PARTE 5
La enfermera Clara
Clara estaba en el viejo hospital Santa Irene.
El mismo lugar donde Sofía dio a luz.
El edificio llevaba años cerrado, pero seguía en pie como un fantasma de concreto, con ventanas rotas, pasillos húmedos y habitaciones donde la pintura se caía como piel vieja.
Sofía entró por la puerta de emergencias.
Gabriel caminaba detrás.
No delante.
Cumplió.
Eso no significaba que ella confiara.
Pero lo notó.
—Renata no habría elegido este lugar sola —dijo Sofía.
Gabriel cargó su arma.
—Mi madre.
—O alguien más.
El pasillo olía a polvo y medicina muerta.
Sofía recordó el dolor del parto, los gritos que le taparon, la mano de Clara sobre su frente, los bebés envueltos en mantas.
Se obligó a respirar.
Encontraron a Clara en la antigua sala de neonatos.
Atada a una silla.
Con un golpe en la mejilla, pero viva.
Sofía corrió hacia ella.
—Clara!
La enfermera abrió los ojos.
—Los niños…
—Están seguros.
Clara lloró de alivio.
Gabriel se acercó con cuidado.
La mujer lo miró como si viera a un hombre que debió llegar años antes.
—Señor Montiel.
Él bajó la cabeza.
—Gracias por salvarlos.
Clara no respondió.
Porque no era perdón lo que él merecía.
Sofía cortó las cuerdas.
Pero antes de que pudieran salir, las luces del hospital se encendieron.

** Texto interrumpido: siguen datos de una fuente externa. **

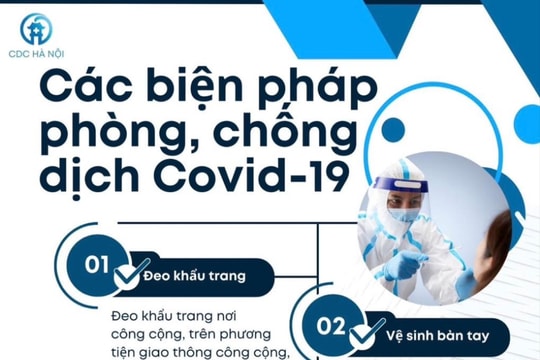 CDC Hà Nội khuyến cáo các biện pháp phòng, chống dịch Covid-19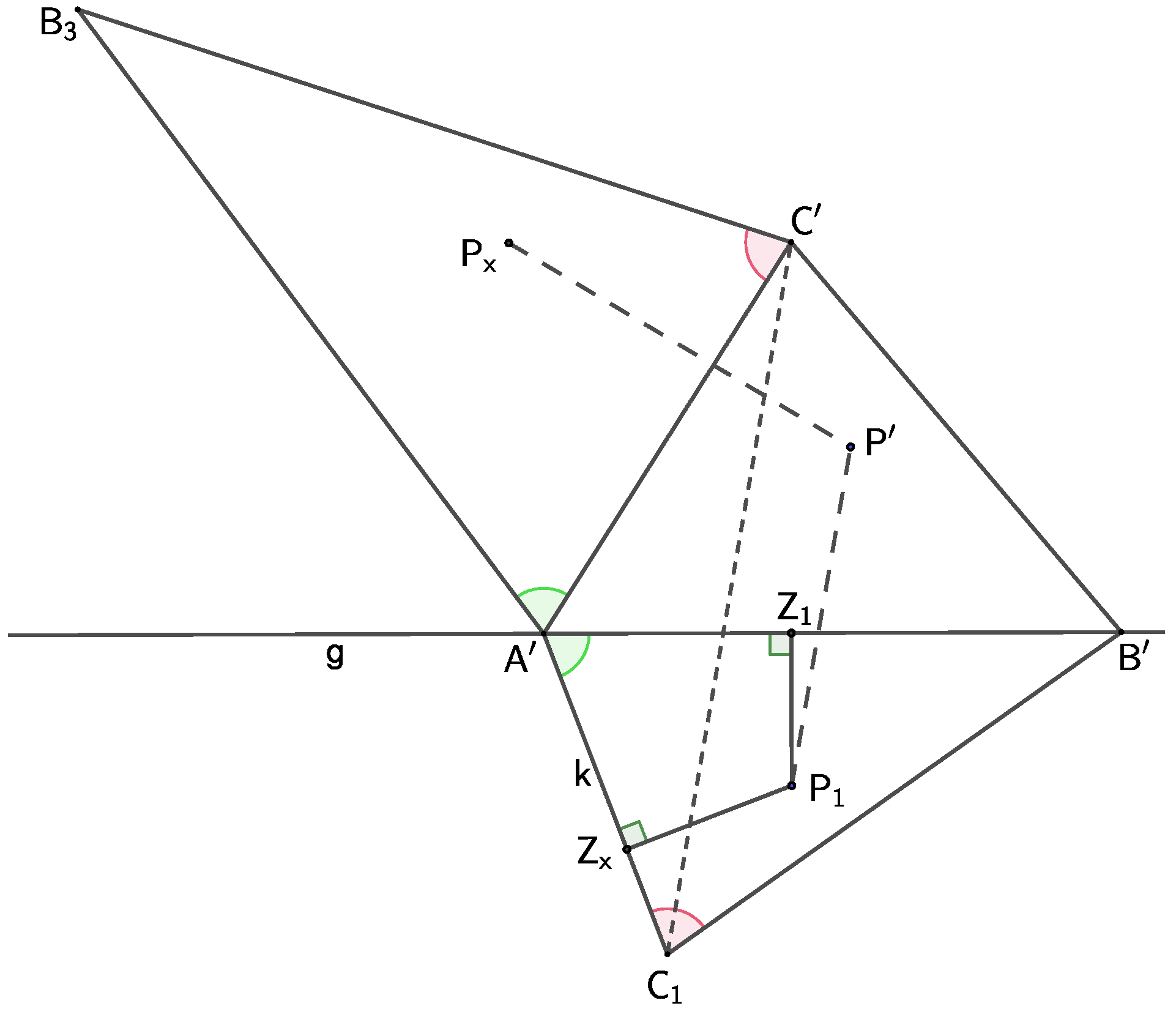 Geometry 02 00013 g005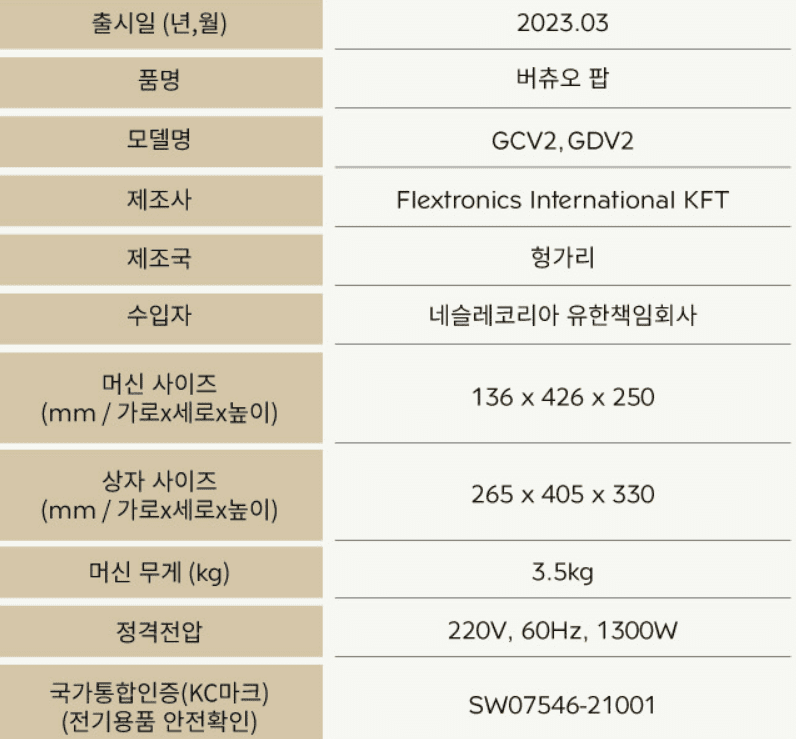 커피머신 추천 및 판매 순위 TOP 5 - 네이버, 쿠팡, SSG닷컴 비교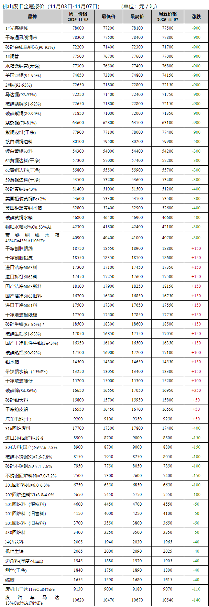 废旧金属价格一周暴涨，背后竟然隐藏着这个秘密(图1)
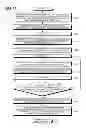 Fig. 12 - Magnetic disk device, magnetic disk evaluation apparatus, and magnetic head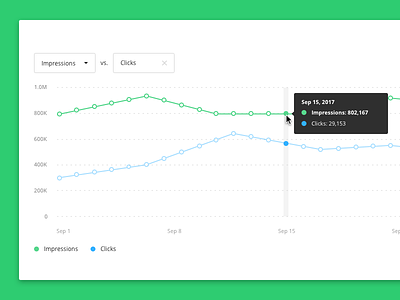 Line Graph analytics clicks data graph impressions line reporting tooltip visualisation yieldr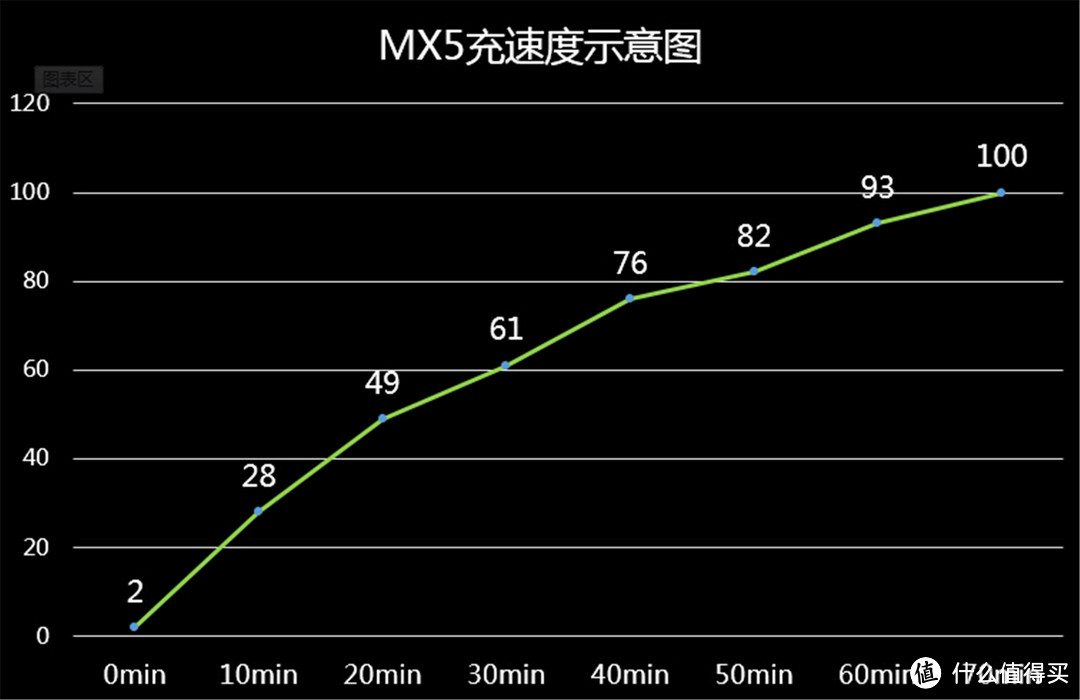 可能是最均衡的魅族手机——MX5初体验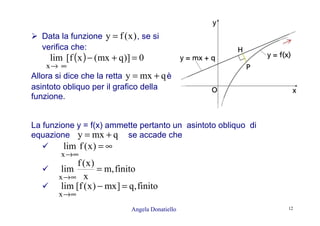 Angela Donatiello 12
Data la funzione )x(fy = , se si
verifica che:
Allora si dice che la retta qmxy += è
asintoto obliquo per il grafico della
funzione.
La funzione y = f(x) ammette pertanto un asintoto obliquo di
equazione qmxy += se accade che
∞=
∞→
)x(flim
x
finito,m
x
)x(f
lim
x
=
∞→
finito,q]mx)x(f[lim
x
=−
∞→
( ) 0)]qmx(xf[lim
x
=+−
∞→
 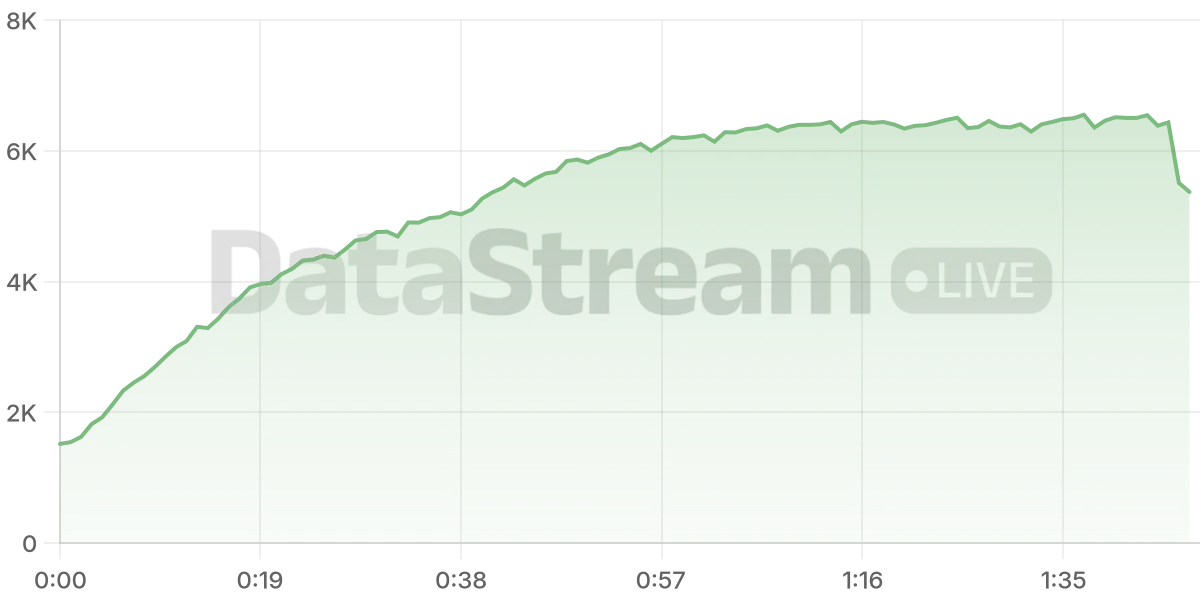 Grafico de conectados del stream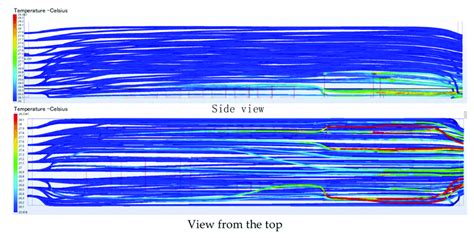 Wind flow route of the new scheme. | Download Scientific Diagram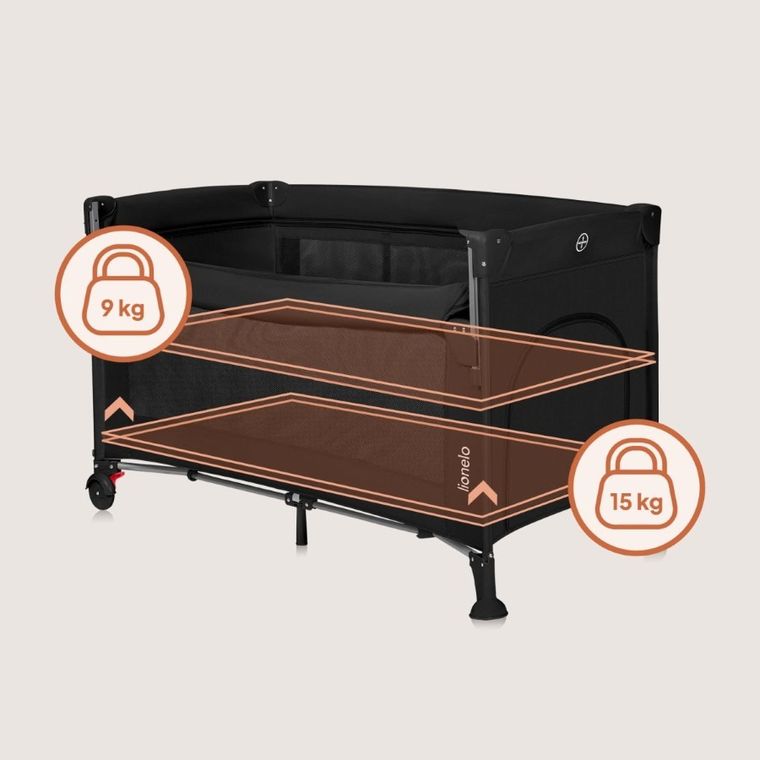 Lionelo, Ellen, patut de calatorie cu extensie mare 3in1, Black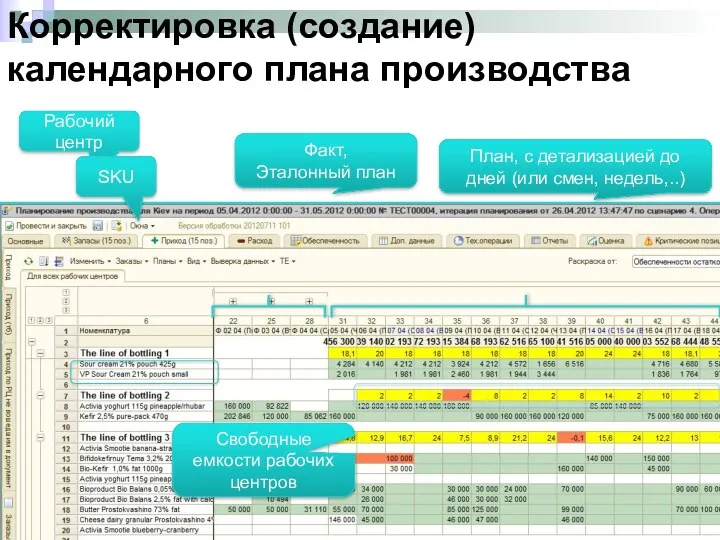 Корректировка (создание) календарного плана производства Факт, Эталонный план План, с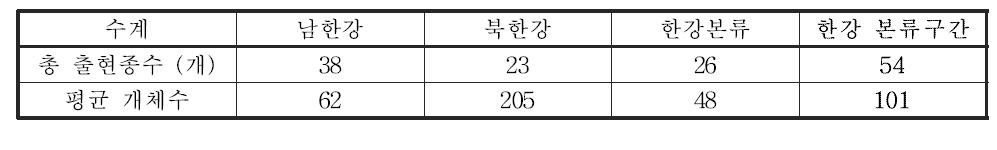 한강 대권역 본류구간의 어류 출현종수 및 평균 개체수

Una voz sonó por los altavoces.
Renata.
—Qué escena tan familiar. Sofía salvando a todos y Gabriel llegando tarde.
Sofía apretó la mandíbula.
—Sal, Renata.
—No todavía. Primero quiero que Gabriel vea algo.
Una pantalla vieja se encendió.
Video de la noche del parto.
Sofía en una camilla.
Inconsciente.
Clara sosteniendo a los bebés.
Amalia hablando con un médico.
Renata llorando falsamente.
Luego apareció Gabriel.
Sofía dejó de respirar.
Él estaba allí.
En el hospital.
Junto a la puerta.
Pero no entró.
En el video, Amalia lo detuvo y le entregó un sobre.
—Tu esposa firmó su renuncia a ti y a los niños —decía ella—. No entres. Te destruirá más.
Gabriel parecía roto.
—Quiero verla.
Amalia lo abofeteó.
—¿Quieres ver a la mujer que vendió tu empresa y pidió dinero para desaparecer? Ten dignidad.
Gabriel se quedó inmóvil.
Luego se fue.
Sofía sintió que el mundo se partía de nuevo.
Él estuvo allí.
No entró.
Gabriel miraba la pantalla como si acabaran de arrancarle una parte del pecho.
—No sabía…
Sofía lo miró.
—Pero no entraste.
Él no se defendió.
—No.
Renata rió por los altavoces.
—Eso fue lo más fácil de todo. Gabriel siempre fue obediente cuando su madre lo golpeaba en el orgullo.
Sofía tomó a Clara por el brazo.
—Nos vamos.
Pero la puerta se cerró.
Renata volvió a hablar:
—No tan rápido. Todavía falta la mejor parte.
La pantalla cambió.
Esta vez aparecía Renata, seis años atrás, sosteniendo a uno de los bebés.
Leo.
—Amalia quería venderlo a una familia fuera del país —dijo Renata en el video—. Yo dije que era demasiado riesgo. Mejor muertos en papel.
Sofía sintió que las piernas le fallaban.
Gabriel levantó el arma hacia la cámara.
—Renata!
La voz de ella sonó dulce.
—Ven al quirófano tres, Gabriel. Sofía también. Quiero que el final ocurra donde empezó.